What is a Fluorometer?

Fluorometry is an optical analysis technique with a wide variety of applications, it does not require more experience to put it into use, and there are commercial equipment that offer potential advantages for various studies. Such is the case of the fluorometer, an integrated modular device that allows measuring fluorescence parameters (intensity, wavelength and emission spectrum), and is a useful tool to monitor changes at the molecular level of fluorescent systems, species and amount of molecules in a medium. It is a sensitive, versatile, economical and easy to use instrument, can be used both in the laboratory and a field measuring instrument.

There are basically two types of fluorometers, the fluorometer and the spectrofluorometer. Fluorometers have an excitation source, filters, sample cells, and fluorescence detectors. Filters allow a single beam configuration to control intensity, limit incident and emission wavelengths, and reduce the effects of fluctuations in response. These devices can be adjusted to suit a wide range of concentrations while maintaining high accuracy. Unlike this, the spectrofluorometer uses a grid monochromator. Understanding the phenomenon involved in the analytical technique is fundamental when choosing technological design.

Origin of Fluorescence and Fundamentals

The physical interpretation of fluorescence was introduced by George G. Stokes in 1852, after studying blue luminescence in a fluorite mineral. Stokes observed that the wavelength emitted by fluorescence was greater than the length emitted by the incident light. A substance is said to possess fluorescence when the difference between the energy absorbed from the ultraviolet photon and that emitted by the visible photon is immediately dissipated. The latter happens because when the molecule is incised by light, it absorbs photons, which increases the band of energy of the electrons to an excited state, when they relax to their zero state, they lose vibrational energy and the emission spectrum moves at longer wavelengths.

Some helpful tips

Fluorescence measurements are performed with respect to some standard substance. This is done by dividing the source beam into a reference and a sample beam.

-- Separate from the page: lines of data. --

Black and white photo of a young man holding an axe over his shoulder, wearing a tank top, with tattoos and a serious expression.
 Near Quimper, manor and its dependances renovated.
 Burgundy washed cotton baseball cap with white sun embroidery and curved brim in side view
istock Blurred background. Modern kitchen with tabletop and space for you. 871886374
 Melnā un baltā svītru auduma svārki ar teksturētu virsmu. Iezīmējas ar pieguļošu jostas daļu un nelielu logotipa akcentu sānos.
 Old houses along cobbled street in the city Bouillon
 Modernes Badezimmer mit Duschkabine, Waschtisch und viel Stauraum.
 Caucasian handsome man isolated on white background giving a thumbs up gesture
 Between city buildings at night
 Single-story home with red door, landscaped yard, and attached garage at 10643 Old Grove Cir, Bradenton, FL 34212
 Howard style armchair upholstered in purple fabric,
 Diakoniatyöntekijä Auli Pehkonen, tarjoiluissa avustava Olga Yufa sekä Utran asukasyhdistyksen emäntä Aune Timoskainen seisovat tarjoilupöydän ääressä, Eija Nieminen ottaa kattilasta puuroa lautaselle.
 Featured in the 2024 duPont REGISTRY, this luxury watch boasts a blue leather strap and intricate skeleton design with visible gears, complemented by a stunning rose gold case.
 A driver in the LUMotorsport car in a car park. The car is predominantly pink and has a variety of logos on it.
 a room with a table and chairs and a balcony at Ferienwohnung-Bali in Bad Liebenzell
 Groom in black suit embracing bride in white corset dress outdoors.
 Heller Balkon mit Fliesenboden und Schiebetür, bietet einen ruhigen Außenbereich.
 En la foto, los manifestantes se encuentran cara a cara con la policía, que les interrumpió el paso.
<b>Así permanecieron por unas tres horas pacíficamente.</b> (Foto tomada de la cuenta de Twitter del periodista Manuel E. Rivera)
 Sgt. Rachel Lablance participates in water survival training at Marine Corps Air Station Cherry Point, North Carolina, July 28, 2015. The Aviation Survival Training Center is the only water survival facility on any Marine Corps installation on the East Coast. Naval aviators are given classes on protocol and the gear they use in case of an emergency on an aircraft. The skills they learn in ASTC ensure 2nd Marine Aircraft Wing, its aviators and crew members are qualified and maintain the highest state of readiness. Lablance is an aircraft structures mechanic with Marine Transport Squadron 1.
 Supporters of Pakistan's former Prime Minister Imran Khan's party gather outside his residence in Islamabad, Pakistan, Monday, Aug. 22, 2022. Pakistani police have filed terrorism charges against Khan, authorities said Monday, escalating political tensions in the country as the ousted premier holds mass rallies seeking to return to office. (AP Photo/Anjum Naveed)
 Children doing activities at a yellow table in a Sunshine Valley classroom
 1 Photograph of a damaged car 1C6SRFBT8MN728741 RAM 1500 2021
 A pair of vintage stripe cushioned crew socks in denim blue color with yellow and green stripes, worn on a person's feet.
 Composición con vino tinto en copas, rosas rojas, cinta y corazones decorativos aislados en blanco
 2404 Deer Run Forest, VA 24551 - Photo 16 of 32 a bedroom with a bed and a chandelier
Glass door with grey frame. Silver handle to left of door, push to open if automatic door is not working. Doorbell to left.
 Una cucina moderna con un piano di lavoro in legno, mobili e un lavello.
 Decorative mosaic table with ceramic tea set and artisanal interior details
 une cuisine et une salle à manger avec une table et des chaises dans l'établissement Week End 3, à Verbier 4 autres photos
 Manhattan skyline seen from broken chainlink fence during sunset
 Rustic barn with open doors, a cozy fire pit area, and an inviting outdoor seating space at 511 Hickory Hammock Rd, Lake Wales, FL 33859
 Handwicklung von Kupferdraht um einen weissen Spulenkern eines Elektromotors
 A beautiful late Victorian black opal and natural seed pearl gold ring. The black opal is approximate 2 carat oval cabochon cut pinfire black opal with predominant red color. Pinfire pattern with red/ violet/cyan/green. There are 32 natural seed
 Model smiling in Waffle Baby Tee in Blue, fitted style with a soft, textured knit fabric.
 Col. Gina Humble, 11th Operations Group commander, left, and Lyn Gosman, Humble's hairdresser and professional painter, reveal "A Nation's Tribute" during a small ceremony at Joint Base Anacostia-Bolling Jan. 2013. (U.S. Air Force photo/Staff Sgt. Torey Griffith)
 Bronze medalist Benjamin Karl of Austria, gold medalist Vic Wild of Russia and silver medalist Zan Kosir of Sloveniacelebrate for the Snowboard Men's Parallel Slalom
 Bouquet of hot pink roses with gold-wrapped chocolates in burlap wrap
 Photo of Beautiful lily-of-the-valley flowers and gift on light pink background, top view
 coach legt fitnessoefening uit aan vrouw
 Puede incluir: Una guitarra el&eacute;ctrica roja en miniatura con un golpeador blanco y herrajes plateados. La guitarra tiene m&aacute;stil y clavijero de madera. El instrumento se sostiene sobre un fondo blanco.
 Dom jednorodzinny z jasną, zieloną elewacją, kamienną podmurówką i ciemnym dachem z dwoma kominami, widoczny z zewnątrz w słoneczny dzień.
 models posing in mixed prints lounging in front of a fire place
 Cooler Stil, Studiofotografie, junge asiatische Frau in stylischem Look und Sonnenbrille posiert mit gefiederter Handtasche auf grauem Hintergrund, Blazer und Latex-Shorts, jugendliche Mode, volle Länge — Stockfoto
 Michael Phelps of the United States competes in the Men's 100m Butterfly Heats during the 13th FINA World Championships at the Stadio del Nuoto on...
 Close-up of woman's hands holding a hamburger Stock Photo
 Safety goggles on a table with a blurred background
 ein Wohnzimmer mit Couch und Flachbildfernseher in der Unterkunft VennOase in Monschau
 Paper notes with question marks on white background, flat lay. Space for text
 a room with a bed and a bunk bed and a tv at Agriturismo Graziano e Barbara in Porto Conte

  • Fluorescence intensity is inversely proportional to temperature, so it is important to be careful when comparing samples measured at different ambient temperatures.
  • By using spectrally selective filters or monochromators in the fluorescence detector, it is possible to avoid interference caused by dispersion from other substances or by excitatory direct radiation.
  • To maintain the linearity of the concentrations it is necessary to prepare the fluorescence versus concentration calibration curve.
  • During sample preparation and measurement process should avoid sudden changes in temperature, this can cause sample degradation or decrease fluorescence.

Fluorometer Applications

Thanks to its versatility and simplicity, fluorometry is a technique with a wide range of applications. Of which, the qualitative and structural analysis for the identification of substances (heterocyclic compounds and aromatic hydrocarbons), the identification of inorganic ion concentration, organic compounds and biological with detection limit of up to 1 ppt stand out.

Recent advances have allowed the fluorometer to be used as a field instrument for in-situ measurement in a simple and inexpensive way. The fluorometer is a useful device in a variety of sciences, ranging from biological (identification of concentrations of DNA, RNA, PCR, enzymes and proteins), chemical (rate and reaction mechanisms, characterization of polymeric materials and nanomaterials), environmental (determination of heavy metals, tracing of biological markings), among others.